Geneva (AFP) - Palestinian president Mahmud Abbas called Wednesday for the creation of a "special regime" for the protection of his people, as a wave of deadly Israeli-Palestinian violence showed no sign of abating.

Abbas called on the United Nations, "more urgently than any time before, to set up a special regime for international protection for the Palestinian people, immediately and urgently."

Accusing Israel of carrying out "extrajudicial killings", he called for the United Nations, and especially the Security Council, as well as member states to shoulder their responsibility.

"We need protection, and we look to you," he told a special meeting of the UN Human Rights Council on the escalating crisis.

"Protect us. Protect us. We need you," he said, warning that allowing the current situation to continue would "kill the last shred of hope for the two-state-solution-based peace."

UN human rights chief Zeid Ra'ad Al Hussein also voiced alarm, warning that the deadly violence rocking Israel and the Palestinian territories was "dangerous in the extreme" and could lead to a "catastrophe".

The special one-hour meeting of the United Nations' top rights body was a rare event, with only a single precedent: when Chilean President Michelle Bachelet spoke to the council in 2007.

Clashes erupted in September as an increase in Jewish visitors to Jerusalem's Al-Aqsa mosque compound alarmed Palestinians, who fear Israel is seeking to change rules that forbid Jews from praying there.

Israeli Prime Minister Benjamin Netanyahu has repeatedly denied such claims.

Clashes there spiralled into a wave of stabbings and shootings that have left nine Israelis dead since October 1. Fifty-nine Palestinians -- around half of them attackers -- and one Israeli Arab have also been killed.

And an Israeli Jew and an Eritrean have also been killed after being mistaken for attackers.

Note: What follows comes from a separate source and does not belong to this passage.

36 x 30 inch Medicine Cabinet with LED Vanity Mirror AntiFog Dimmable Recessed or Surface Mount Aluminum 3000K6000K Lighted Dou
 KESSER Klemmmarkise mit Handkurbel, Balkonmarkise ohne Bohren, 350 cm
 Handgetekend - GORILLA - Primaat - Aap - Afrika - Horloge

Abbas on Wednesday accused the Israelis of acting "as a state above international law," and said it has "recently stepped up its criminal practices to the point where it performed extrajudicial killings of defenceless Palestinian civilians, (and) detained their corpses, including children."

The surge in violence has prompted an intense diplomatic drive to douse tensions that many fear herald a third Palestinian intifada, or uprising, like those of 1987-93 and 2000-05, when thousands were killed in near-daily violence.

Abbas warned Wednesday that "it is no longer useful to waste time in negotiations."

"What is required is the ending of occupation," he said, insisting that was "the root" of the problems plaguing Palestinians and Israelis alike.

He called on the international community to help "stop these daily crimes committed against my people" and "protect Israel from itself."